In un proverbio è consacrato il seguente avvertimento:

         Da uomo senza figli,

         né per elemosina

          né per consigli.

e questo fa ricordare il divieto romano di far da testimone al cittadino senza moglie.

         L’agricoltura rispecchia nelle sue consuetudini l’anima antica e la romana sapienza, e lungo sarebbe per noi il voler spigolare dai lavori dei dotti, che alla materia dedicarono le loro ricerche, dati di raffronto riferentisi a questo o quell’aspetto della tradizione latina nella vita popolare odierna. Nei più umili usi lo spirito di Roma è sempre presente. Il bifolco che arando, infila al muso dei buoi un cestello a guisa di musoliera, e che li alletta ad abbeverarsi col fischio, ricorda le antichissime norme segnalate da Columella (cibum cum absumpserint bioves ad acquam duci oportet, sibiloque allectari, quo libentius bivant), da Catone (ficellas habere oportet boves) e da Plinio, che spiega la ragione della musoliera bovina, con queste parole : Si inter arbores vitesque aretur, fiscellis capistrari oportet, ne germinum tenera praecerpant.

         Del pari, all’editto del Pretore romano, De glande legenda, ci riconduce la consuetudine contadinesca, che distingue, per quanto riguarda la raccolta dei frutti pendenti o caduti sul fondo altrui, le ghiande dalle olive, dicendo.

La ghianda dove è,

L’oliva di chi è.

In parecchi di quei giuochi fanciulleschi, che vediamo svolgersi nelle aie e sul sacrato dei borghi o dei villaggi, le formule che sembrano incomprensibili,, sono latine; e talvolta giuoco e parole ci riportano ad avvenimenti del tempo romano. Basta ricordare lo sbricchi tarantino, in cui la formula dialogata:

-         Tùmene seie.

-         Apre porta.

-         Quante ne porta ?,

va  latinamente ricostruita, in questa maniera:

-         Tumulus es ?

-         Aperi portas

-         Quot ne portas?

Secondo la tradizione locale, questo gioco ha una notevole importanza storica perché si crede alluda al tentativo dei congiurati tarantini di assalire, col concorso di Annibale, la rocca occupata dai soldati romani, dopo aver subordinatola sentinella, che rispondeva appunto al nome di Tumulus.

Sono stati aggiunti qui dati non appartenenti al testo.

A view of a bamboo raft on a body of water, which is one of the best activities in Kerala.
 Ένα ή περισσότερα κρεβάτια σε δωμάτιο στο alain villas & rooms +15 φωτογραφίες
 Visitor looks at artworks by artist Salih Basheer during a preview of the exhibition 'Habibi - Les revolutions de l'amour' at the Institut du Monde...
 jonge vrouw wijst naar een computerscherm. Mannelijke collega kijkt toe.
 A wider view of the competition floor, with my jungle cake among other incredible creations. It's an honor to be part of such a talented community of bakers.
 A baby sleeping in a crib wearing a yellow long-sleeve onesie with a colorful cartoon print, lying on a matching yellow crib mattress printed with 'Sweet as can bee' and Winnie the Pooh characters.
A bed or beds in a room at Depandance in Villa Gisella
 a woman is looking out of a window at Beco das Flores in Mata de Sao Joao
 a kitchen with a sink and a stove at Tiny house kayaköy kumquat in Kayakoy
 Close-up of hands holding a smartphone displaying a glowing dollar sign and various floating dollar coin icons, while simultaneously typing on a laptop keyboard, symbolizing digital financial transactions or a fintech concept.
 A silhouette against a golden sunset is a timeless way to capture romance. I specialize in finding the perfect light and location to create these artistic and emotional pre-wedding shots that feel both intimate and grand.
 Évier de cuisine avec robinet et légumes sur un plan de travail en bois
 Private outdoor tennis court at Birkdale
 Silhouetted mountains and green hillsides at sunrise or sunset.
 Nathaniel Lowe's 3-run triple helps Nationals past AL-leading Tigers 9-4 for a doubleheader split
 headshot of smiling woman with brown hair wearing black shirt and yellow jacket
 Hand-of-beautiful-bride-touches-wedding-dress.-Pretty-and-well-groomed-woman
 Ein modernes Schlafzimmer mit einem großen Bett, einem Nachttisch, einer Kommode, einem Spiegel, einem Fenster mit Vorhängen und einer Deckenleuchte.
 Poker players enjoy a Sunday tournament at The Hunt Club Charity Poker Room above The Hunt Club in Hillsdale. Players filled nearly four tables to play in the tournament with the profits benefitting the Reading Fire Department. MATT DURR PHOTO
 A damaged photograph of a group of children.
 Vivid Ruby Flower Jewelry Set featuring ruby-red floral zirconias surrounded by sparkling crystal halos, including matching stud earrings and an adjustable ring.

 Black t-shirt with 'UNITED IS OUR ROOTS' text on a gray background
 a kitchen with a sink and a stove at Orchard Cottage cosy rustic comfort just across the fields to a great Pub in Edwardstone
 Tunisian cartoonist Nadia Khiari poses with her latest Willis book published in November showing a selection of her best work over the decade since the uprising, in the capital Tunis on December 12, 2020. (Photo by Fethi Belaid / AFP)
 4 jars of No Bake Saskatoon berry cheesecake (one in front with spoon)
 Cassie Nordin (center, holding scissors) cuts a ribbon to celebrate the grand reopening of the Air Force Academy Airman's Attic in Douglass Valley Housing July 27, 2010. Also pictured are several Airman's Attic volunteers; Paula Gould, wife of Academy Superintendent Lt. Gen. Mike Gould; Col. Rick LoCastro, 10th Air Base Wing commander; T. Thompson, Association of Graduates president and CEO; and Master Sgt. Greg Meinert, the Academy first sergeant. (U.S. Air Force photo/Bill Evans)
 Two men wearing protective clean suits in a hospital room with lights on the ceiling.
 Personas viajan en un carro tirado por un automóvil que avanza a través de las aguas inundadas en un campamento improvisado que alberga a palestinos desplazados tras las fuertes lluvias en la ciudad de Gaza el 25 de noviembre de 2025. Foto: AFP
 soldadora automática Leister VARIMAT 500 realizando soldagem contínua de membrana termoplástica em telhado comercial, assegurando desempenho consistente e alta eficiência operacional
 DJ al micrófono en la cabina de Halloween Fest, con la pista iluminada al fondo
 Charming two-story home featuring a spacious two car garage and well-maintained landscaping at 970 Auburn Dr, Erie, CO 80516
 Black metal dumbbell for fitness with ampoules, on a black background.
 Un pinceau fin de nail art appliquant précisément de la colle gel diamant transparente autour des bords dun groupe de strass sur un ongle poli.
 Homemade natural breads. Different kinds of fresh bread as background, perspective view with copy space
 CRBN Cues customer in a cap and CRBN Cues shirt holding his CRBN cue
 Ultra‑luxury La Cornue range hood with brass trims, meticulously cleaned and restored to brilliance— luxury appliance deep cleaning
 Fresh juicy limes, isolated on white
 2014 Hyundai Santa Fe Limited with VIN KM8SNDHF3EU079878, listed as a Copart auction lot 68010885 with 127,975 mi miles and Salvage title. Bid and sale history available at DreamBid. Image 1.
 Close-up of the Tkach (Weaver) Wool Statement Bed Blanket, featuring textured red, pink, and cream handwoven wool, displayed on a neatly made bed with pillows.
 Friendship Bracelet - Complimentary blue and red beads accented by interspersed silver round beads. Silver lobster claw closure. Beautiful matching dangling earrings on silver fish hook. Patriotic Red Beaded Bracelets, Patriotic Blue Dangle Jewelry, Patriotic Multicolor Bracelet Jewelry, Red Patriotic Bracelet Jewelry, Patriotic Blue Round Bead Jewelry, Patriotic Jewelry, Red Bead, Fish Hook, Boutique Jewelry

     Anche nei canti popolari l’eco latina si fa sentire, e qualcuno ha cercato di ricondurre i contrasti vernacoli odierni a quelli antichi. I canti brevi ed alternati, che sono composti per lo più di due versi, e che Teocrito e Virgilio mettono in bocca ai loro pastori, corrisponderebbero ai nostri stornelli, i quali consistono in due endecasillabi, tolta l’invocazione del fiore,  E’ supponibile che un tale uso si conservasse nel medioevo e, giù giù, fino ai nostri tempi.

     Comunque, prescindendo dalla tradizione classica, la grande massa delle canzoni popolari che circolano nelle diverse province d’Italia, è l’espressione della gioventù della schiatta, allorquando le nostre plebi subirono l’influsso del risorgimento, e nuova vita, nuova energia, nuova cultura le vennero dirozzando. I critici delle vecchie generazioni credettero di poter ripartire il tesoro della nostra poesia popolare in due grandi cicli storici, detti l’uno del canto epico, e l’altro del canto lirico,  con due distinti aree geografiche; ma recenti studi hanno rilevato a  nuove, approfondite ricerche; onde l’idea che i due tipi di canto non siano circoscritti in determinate zone per ragioni etniche, ma siano comuni a tutto il popolo italiano, senza distinzione di luogo.

Il fatto non passò inosservato ai razzisti e agli antirazzisti d’oltralpe, onde, anni fa,  un etnologo sovietico lo mise in rilievo in una critica sugli studi del folklore in Italia; ma egli non  si accorse che era un errore, perché prescindeva da due essenziali circostanze, e cioè, \ da una parte, dalla considerazione che la statistica dei canti popolari e la ripartizione in due cicli non tenevano conto della Dalmazia, dell’Alto Adige e della Corsica; e, dall’altra, della nuova recente fioritura di studi, da cui risalta, in tutto il suo splendore, l’unità fondamentale delle tradizioni popolari italiane, espressione di un’altra unità: la razza.